Dei 5 appuntamenti che avevo in programma, e che erano stati la vera ragione per cui avevo poi deciso di partecipare al Digitaly, solo uno risulta confermato, mentre gli altri 4 sono stati annullati a seguito della decisione di alcune aziende clienti che a metà dell’evento hanno deciso di tornarsene a casa.

Un’elegante soluzione, scelta dagli organizzatori e dalle aziende partecipanti, che ha avuto come effetto l’avermi fatto sprecare una giornata di lavoro produttivo, a favore di un’attività del tutto inutile e decisamente poco interessante.

Conclusioni

In questi ultimi 18 mesi ho partecipato a molti meno eventi di tipo formativo e tecnologico rispetto gli anni passati, e nonostante il tentativo di fare un poco di selezione, ho notato come sempre più spesso rimango deluso da questo tipo di attività.

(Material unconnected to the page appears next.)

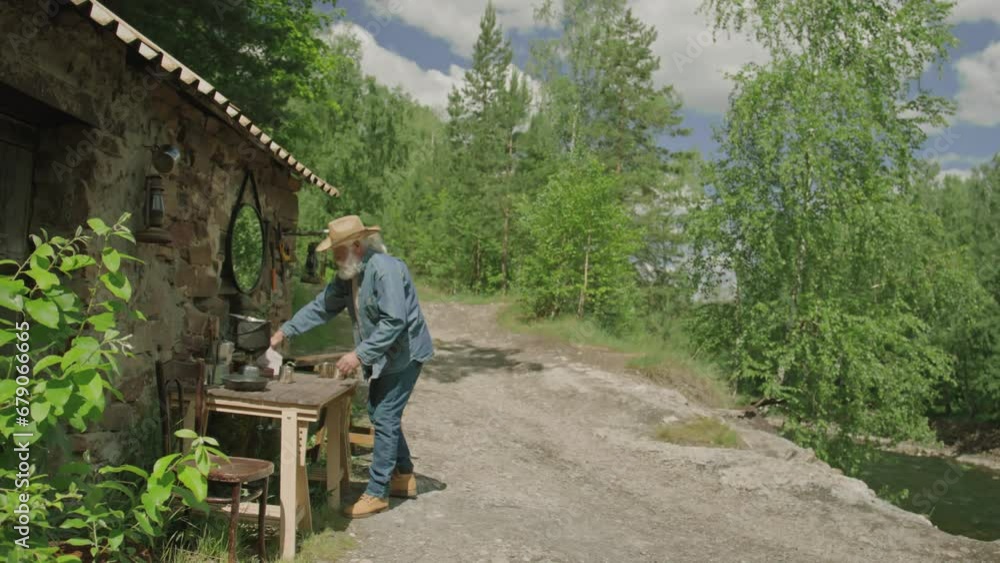 Very long shot of mature person standing next to table outside house at forest and organizing his workspace Very long shot of mature person standing next to table outside house at forest and organizing his workspace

Già in passato ho criticato  il modo in cui si organizzano questi eventi digitali, e recentemente sono rimasto amareggiato anche da appuntamenti di profilo più tecnico e blasonati, il Codemotion Roma in primis.

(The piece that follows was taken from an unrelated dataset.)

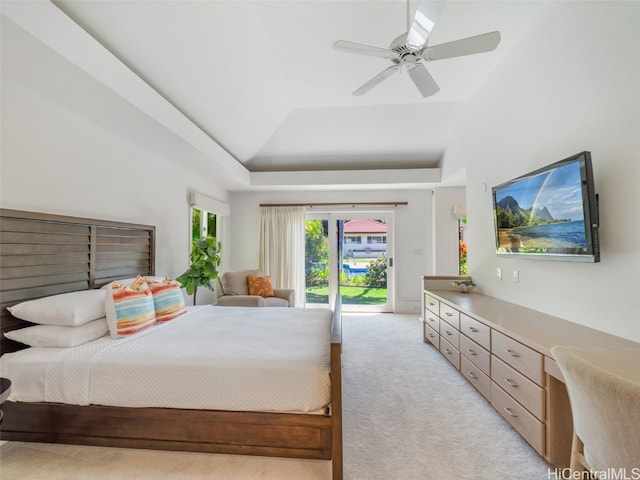 carpeted bedroom with built in desk, access to exterior, high vaulted ceiling, and ceiling fan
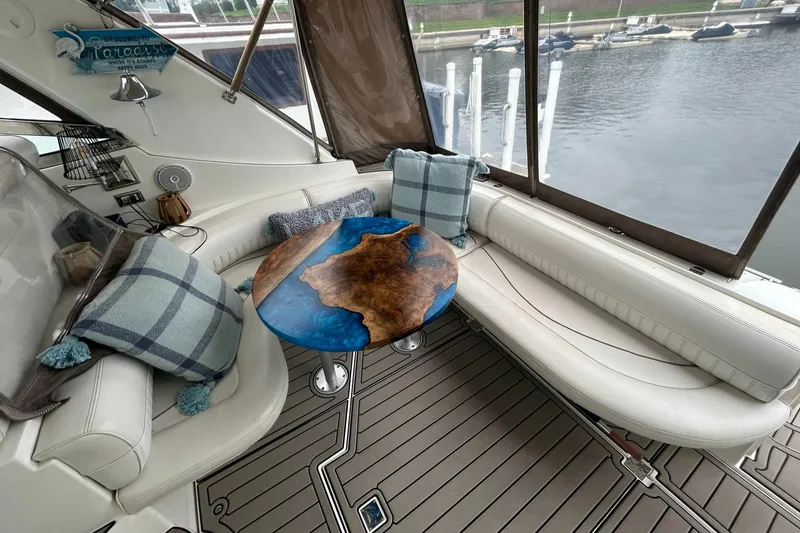 Slide: The Image of 2000 Cruisers Yachts 3870 Express interior with plush seating and unique wooden table. - 23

A prescindere dalla spesa monetaria, ritengo che il costo del tempo impiegato in queste giornate e trasferte sia molto rilevante per le persone che vi partecipano. Credo che se si vuole dare valore, rendere produttiva l’attività di associazioni come CNA e Unindustria (faccio parte di entrambe) bisogna puntare su eventi formativi di qualità (e quindi pagare i relatori bravi) o creare momenti di incontro fra noi aziende ICT e gli altri associati.

In qualità di socio pagante di queste associazioni, non vedo come sia possibile e lecito che si investano i nostri soldi nella creazione di eventi ed attività che abbiano come scopo la promozione di servizi di terzi o solo di alcuni colleghi selezionati in modo arbitrario.

Deve esserci la consapevolezza che gli eventi di alfabetizzazione non possono essere più proposti sullo stesso piano di eventi di approfondimento e formazione reale: le aspettative sul livello di approfondimento ed innovazione delle lezioni devono essere chiaramente esposte nel programma dell’evento che tenga conto dei diversi livelli di competenza e che derivi da una migliore profilazione preventiva dei partecipanti.

Recentemente sono stato alla presentazione di un CRM (Microsoft Dynamics) organizzato da Microsoft presso un rivenditore di Bologna. L’intera durata dell’evento di circa 2 ore e mezzo, progettato esclusivamente per fare network e contattare clienti, si è svolto su argomenti basilari, concetti come:

  • cosa è un CRM
  • perché conviene usarlo
  • un esempio di una azienda felice con il suo CRM

Non si è sfruttato il tempo e l’attenzione fornita dai partecipanti, per mostrare in cosa il CRM di Microsoft è migliore degli altri e quanto costa implementarlo.
Se inviti qualcuno ad un incontro sui CRM, probabilmente sa già cos’è un Contact (o Customers) Relations Manager e perché è utile utilizzarlo.

Allo stesso modo, se organizzi un evento sul digital, puoi evitare di impiegare più di 15 minuti per le presentazioni di rito e utilizzare le 6 ore del mio prezioso tempo dedicatoti, per provare a fornirmi del valore e delle informazioni che non posso (o non ho voglia di) trovare facilmente altrove, su internet.